In the summer Professor Sarkany was brought to Recsk. According to the old prisoners, he arrived in a beautiful Russian car, wearing handcuffs and very cheerful. He was in excellent condition and told the prisoners that he was using his own typewriter in his cell, had all the scientific books of his library at his disposal and received all letters addressed to him from abroad in which he was asked for geological advice. With the advice he gave he earned approximately six to eight hundred dollars a month. With one per cent of his earnings he was allowed to buy himself cigarettes and sweets, the rest went to the state as payment for the use of his own typewriter and books, for board, lodging and protection.

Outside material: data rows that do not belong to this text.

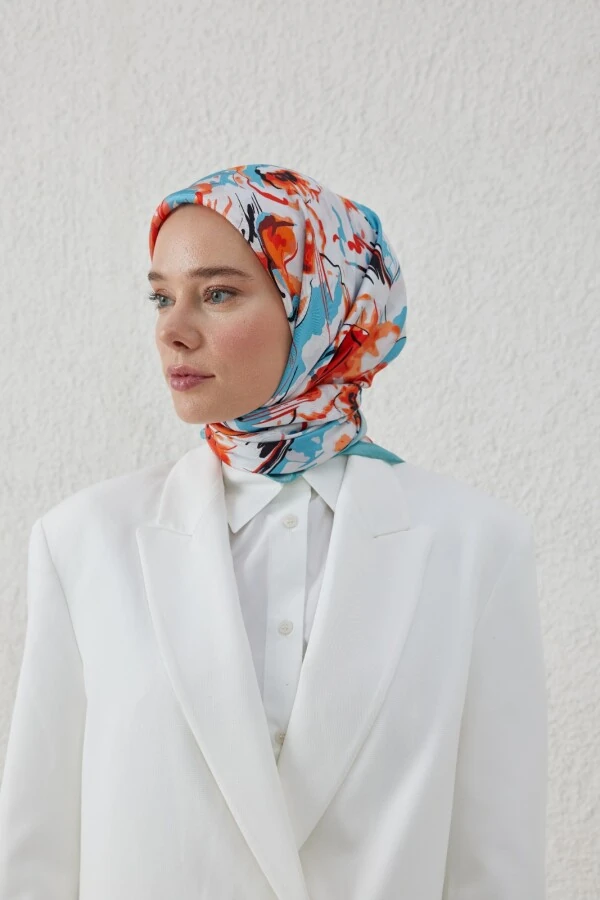 EBRULİ DESEN İPEK EŞARP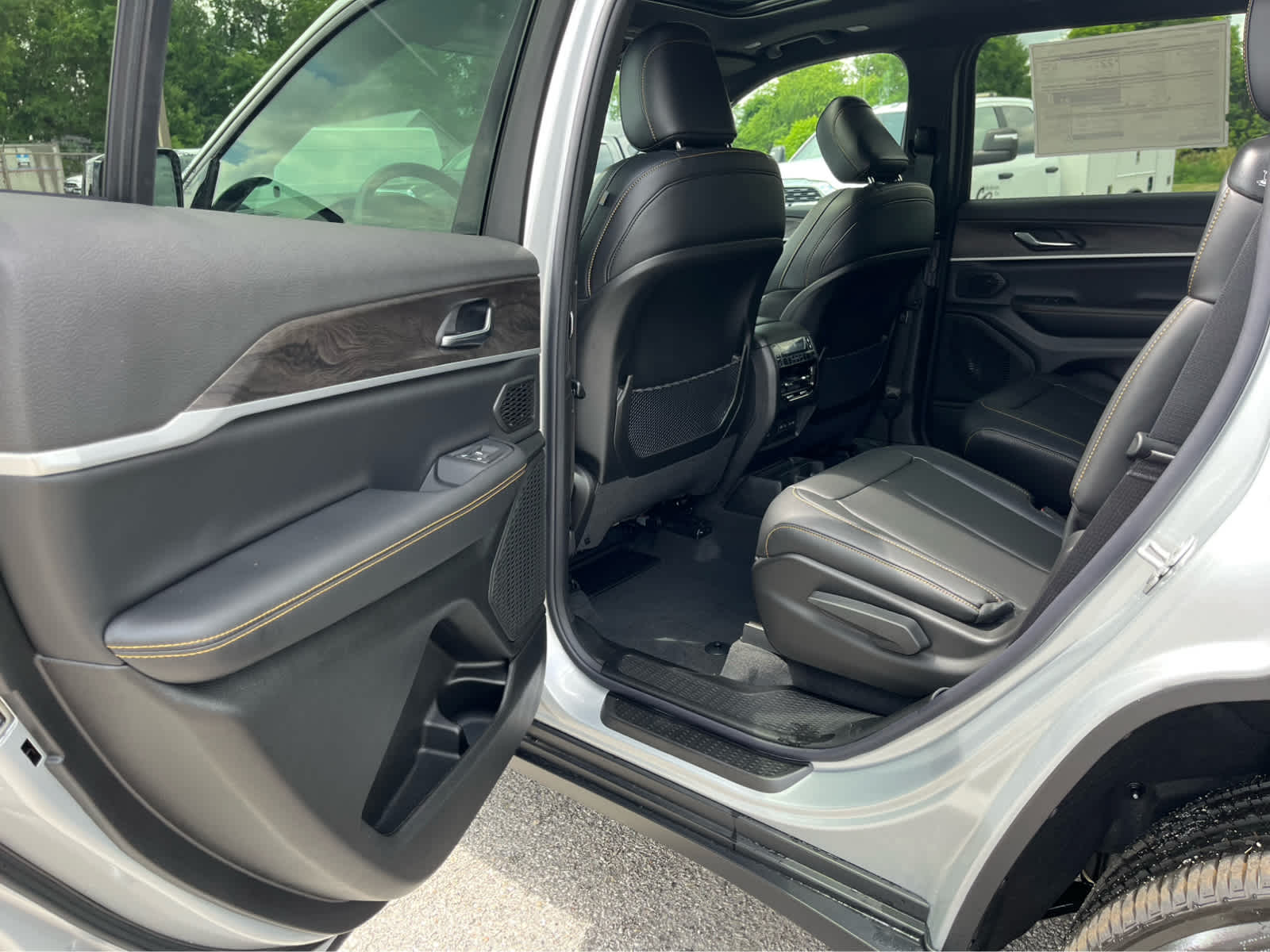 2026 Jeep Grand Cherokee L 85th Anniversary Edition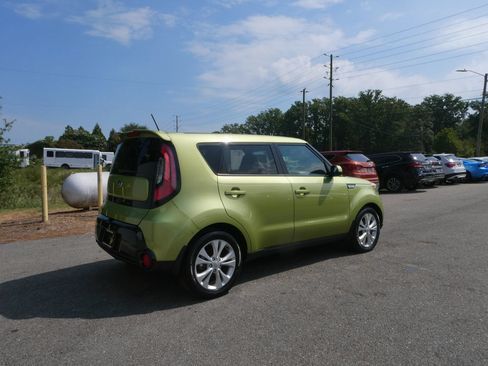 Used 2016 Kia Soul + FWD image 5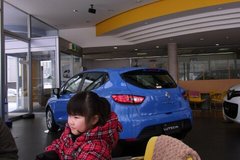 再びルノー札幌さんに。.jpg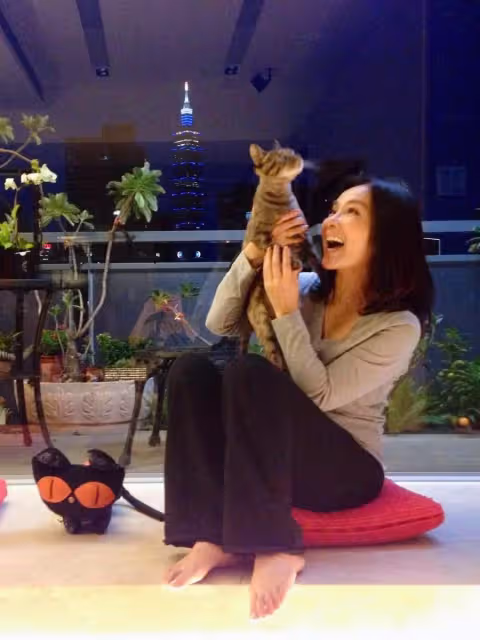 陳美鳳「快篩曬深V性感照」被酸:老了很多!高EQ正面回應「66歲真實身材現形」網驚:太不科學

During the forty-eight hours spent at Recsk he thoroughly examined the mountain, had a few trial borings made and then, in the presence of some twenty prisoners, the camp commander and a few AVO men he summed up his observations and handed over the draft-blueprint of the future quarry. While he was explaining his plans he glanced expectantly at his old friend, Gabor Alapy, former engineer officer in the army. The camp commander approved Sarkany’s plan and Sarkany walked back, handcuffed and cheerful, to the waiting Pobeda.
The Zerge was a tent-shaped mountain. The side on which we worked was very steep, whereas the opposite side descended in a series of ridges. Sarkany advised that the quarry should be cut into the steep side, to a depth reaching almost to the core of the mountain. His purpose in devising this plan was unmistakable. Had he really wanted to open a quarry he would have chosen the gentle slope of the mountain. As it was, the weight of the giant peak would press down more and more heavily on the clayey northern slope, rich in springs and thus less resistant the more deeply we cut into the mountainside. One day there would be a landslide.

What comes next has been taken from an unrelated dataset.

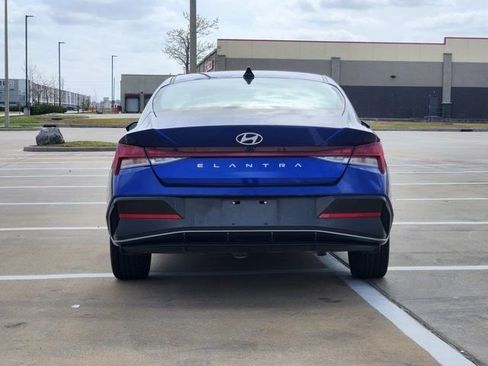 Used 2025 Hyundai Elantra SEL image 6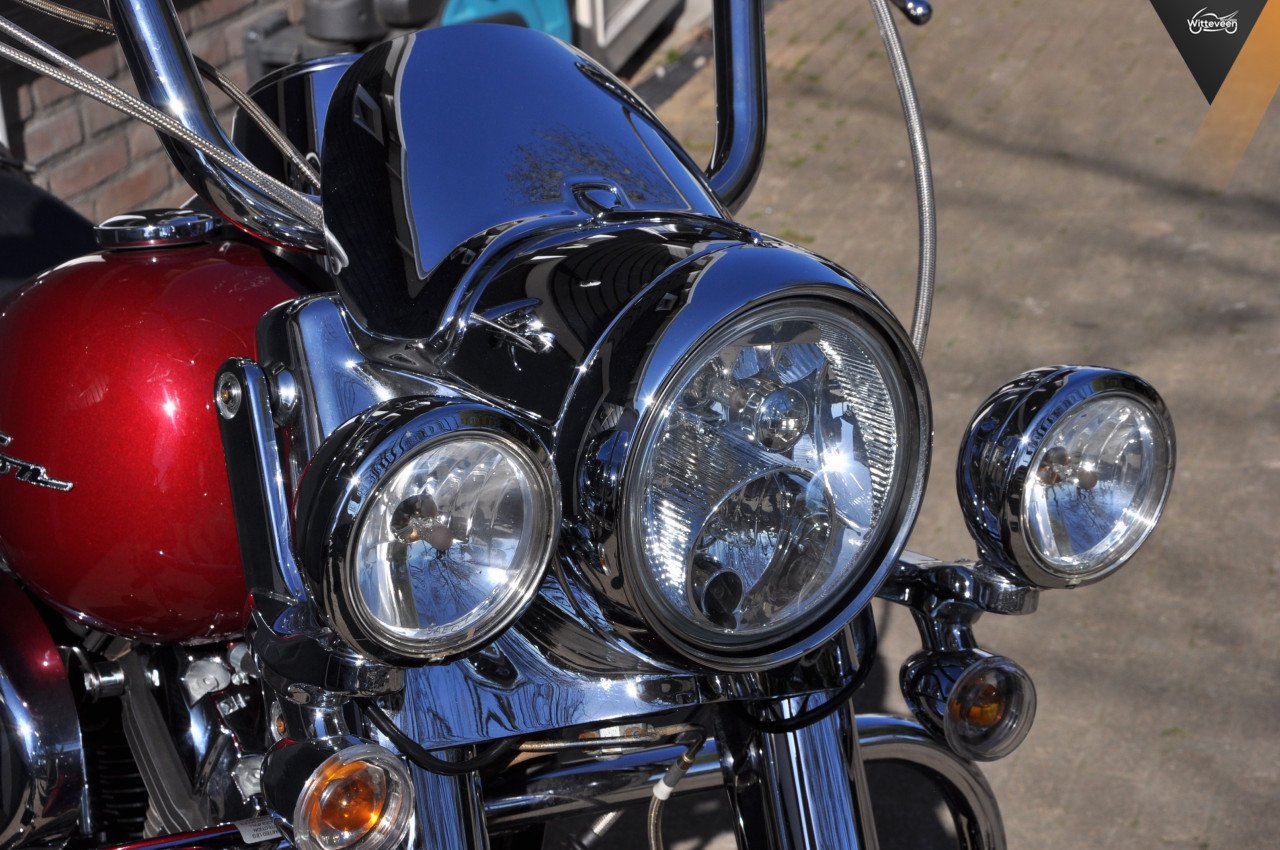 Harley Davidson FLHRSI Road King Custom Strakke motor!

As I bent over my saw – Garamvölgyi was still talking in his montonous, nasal voice – I saw the bare andesite pillars of the mountain top crashing down on the quarry which, at this moment, was still covered with wood and grass. I saw the power-house cracked open like an egg-shell by the heavy machinery inside, saw it slide and tumble over the edge of the lower level, saw the rope become slack and the buckets plough up the concrete road. I saw the remaining trees bend in all directions like the bristles of an old toothbrush, and the barbed-wire fence sag like a fishing net hung out to dry while in other places it tensed to breaking point, emitting a falsetto buzzing.
This vision was highly enjoyable but it did nor solve our problems. I remembered the anarchist Souvarine from Zola’s Germinal; this was how he too imagined the destruction of the mine when he dislocated the props in the shaft, dreaming of the destruction of society as a whole as he set out in the night. I could hardly cherish such hopes. In a society like ours sabotage was a great emotional satisfaction but from the point of view of the system it was almost negligible. The system was supported by the state police force and by nothing else; and if one day, every mine in the country blew up simultaneously, this, as far as the system was concerned, would be a useful phenomenon, not a harmful one. Terror produces sabotage; the sabotage produces more terror. This adds new fuel to the three-phase motor of the state apparatus of which terror is the ignition, economic disaster the necessary pressure and sabotage the petrol.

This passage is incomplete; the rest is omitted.